TORCH Seminar Room, Radcliffe Humanities, Oxford

What does it mean to work with a concept like ‘repair’? What kinds of intervention, and what kinds of teaching and learning does it enable in this particular moment, and in the particular places in which we work?

What comes with, and what comes after repair; what is the work of repair, in the wake of – and in the enduring presence of – the harm done by the legacies of partition that scar our time?

Can repair usefully be thought of as a pursuit, or a form of practice, rather than as an arrival? If so, how do pedagogies of repair relate to the changing, potentially transformative practices, pedagogies, and places of reading, translation, adaptation, and performance?

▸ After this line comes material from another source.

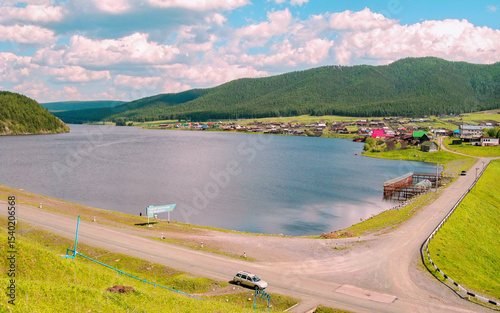 beautiful view of the Uzian reservoir and the Kraka ridge in the Southern Urals on a sunny summer day photo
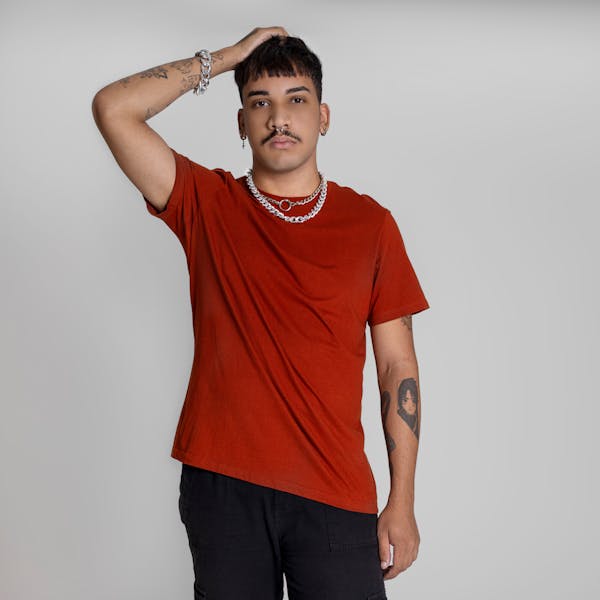 Casual portrait, man in red t-shirt, tattoos, studio shot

This conversation will begin to open these questions, and others, in relation to the leading-edge work being done by scholars and artists in very different and yet resonant locations – this time in Oxford:


Patricia Parker and Katherine Wallerstein: Introductory remarks

Thomas Cousins: On the work of repair

Katharine Wallerstein and Maurits van Bever Donker: Reflections on the Mémorial des martyrs de la Déportation, Paris


This event is being supported by TORCH (The Oxford Centre for Research in the Humanities), the Consortium of Humanities Centers and Institutes’ Critical Humanities Spaces Network, and St Hugh's College, Oxford. It forms part of our TORCH @ 10 celebrations.

Further details about the event can be found here:
https://torch.ox.ac.uk/event/pedagogi...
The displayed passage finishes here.